2001 TAZ Merlot ($20): A nose of black fruits along with strong hints of wood smoke, cedar and earthiness is apparent in this wine that spent sixteen months aging in French oak. Very ripe and very extracted flavors of dark plum and black cherry, with a dusting of cocoa powder, make this a very appealing wine. Still tightly wound and very densely compact, this is no light weight quaffer; this is seriously crafted Merlot that will reap rewards with time in the bottle. A rarity for these parts, it's a Merlot that's very cleanly made with no distracting elements, bolstered by crisp and rewarding acidity on the finish.
2001 TAZ Syrah ($25): From the North Canyon Vineyard, very near Bien Nacido Vineyard, these grapes have been turned into some seriously extracted wine. Just from the nose, you can sense plenty of spice with oak, vanilla and jammy fruit. Fully ripe and deep flavors of plum, cherry, blackberry and blueberry give quite a spectrum of diverse but hard core of fruit that has nevertheless has easy accessibility.

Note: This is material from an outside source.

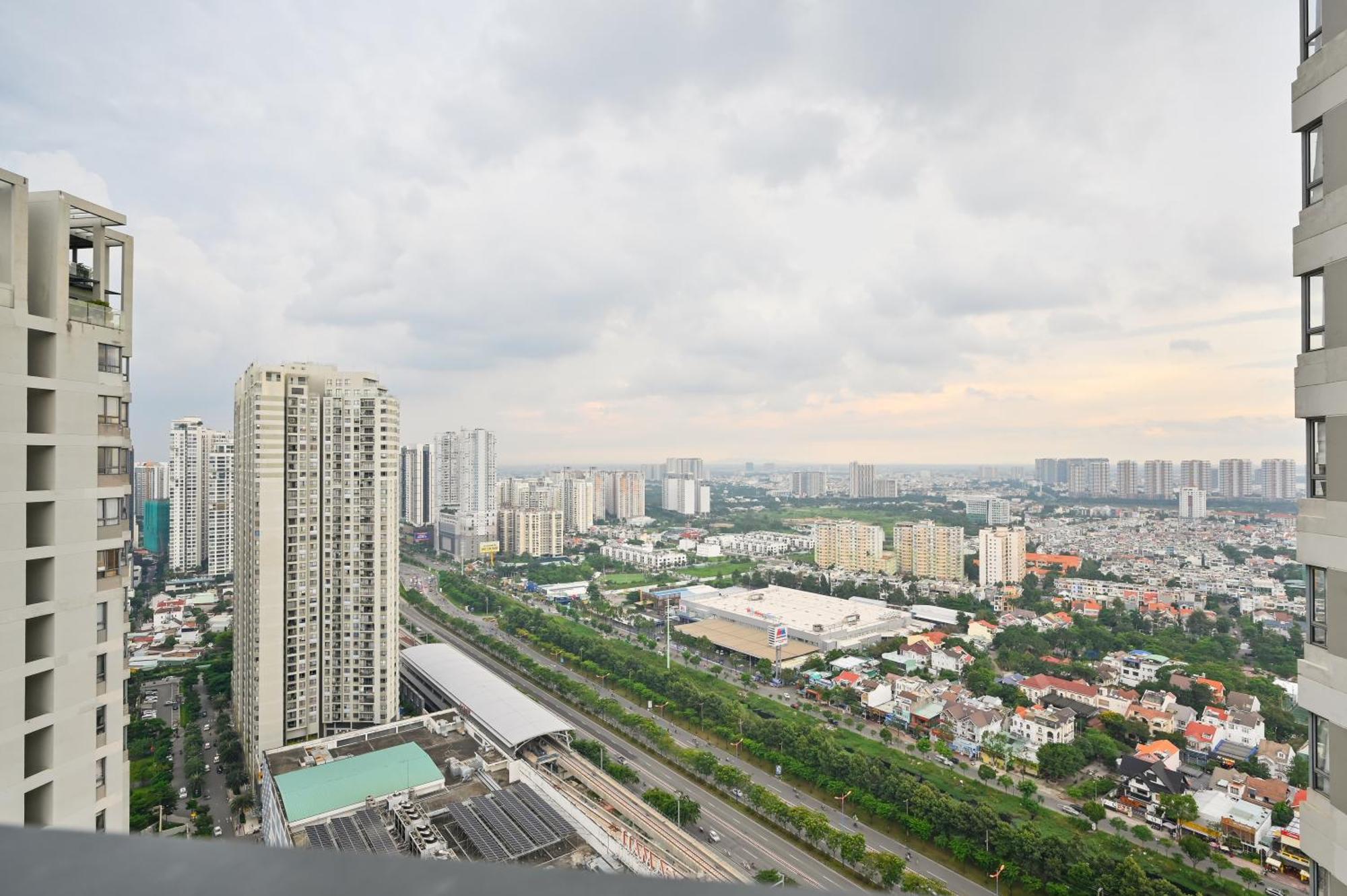 Wonderful 2 Bedroom In Masteri T1, Fully Furnished With Full Amenities TP. Hồ Chí Minh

And while the demonstrative flavors give pleasure now, it will certainly reveal more secrets, given some additional time in the bottle. Lush, mouth filling but very deep and concentrated, the spicy extended finish is just another added attraction among the many.
2001 TAZ Pinot Noir ($25): Finally, here's the wine we've been waiting for: the first TAZ Pinot Noir to come off the ambitious Fiddlestix Vineyard project in the cool Santa Rita Hills, just down the road from Sanford and Benedict Vineyard. And the wait was worth it. The nose of strawberry, cranberry and rhubarb is beguiling, just inviting you to take the first sip. In the mouth, flavors of red and black cherry are wrapped up in wood spice (from all French barrels, half of which were brand new). Not necessarily complex but the wine does have some depth on the mid palate, as raspberry and strawberry components break through the cherry oriented flavors permeated by brown baking spices. It's very much representative of the cool climate style of Santa Rita Hills: you will not find any Santa Maria tomato or forest floor characteristics here. What may be most impressive about this Pinot is that, while it's muscular, it's also very elegant and restrained with every element in balance.